This unusual novel is told from the perspective of three
characters, none of whom is the title character. The book is divided into three parts, so that
each narrator has his/her own section.
The vegetarian in question is Yeong-hye, a South Korean woman who has a
frightening dream that persuades her to stop eating meat immediately. Her husband narrates the first section and
confesses that he chose Yeong-hye as his wife especially for her lack of
distinction. Even after throwing out all
of the meat in the freezer and adopting a vegetarian diet, she continues to
have nightmares, and her weight loss drives her father to try to force feed her
at a family dinner.

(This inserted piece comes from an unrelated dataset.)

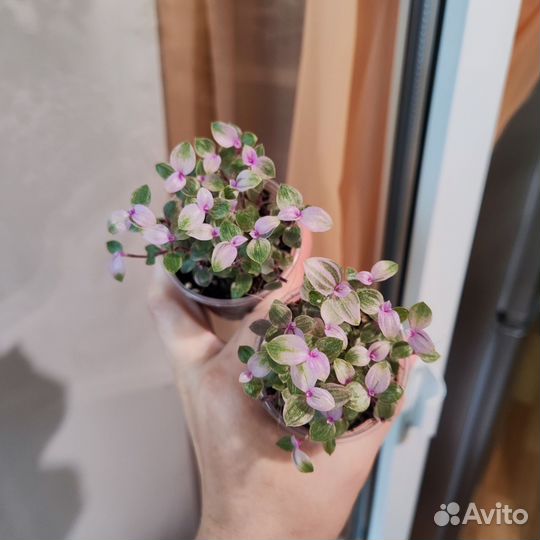 Комнатные цветы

After a brief stay
in a mental hospital, she attracts the attention of her sister’s husband, an
artist who narrates the second section.
He takes advantage of Yeong-hye’s fragile emotional state for his own
warped artistic purposes. Yeong-hye’s
sister narrates the final and most poignant section, in which she laments the
fact that Yeong-hye has lost the right to make decisions about her own
body. Finally, in this section, we get a
few cryptic clues as to why Yeong-hye has made this transformation, but I felt
that by diminishing in size she was increasing in distinctiveness. Not that I think she was trying to get
attention, but especially in the middle section of the book, she sheds her
mediocrity and becomes her brother-in-law’s erotic obsession. She is the catalyst not only for the demise
of her own marriage but also her sister’s, so that she becomes a force for
radical change in the lives of other people.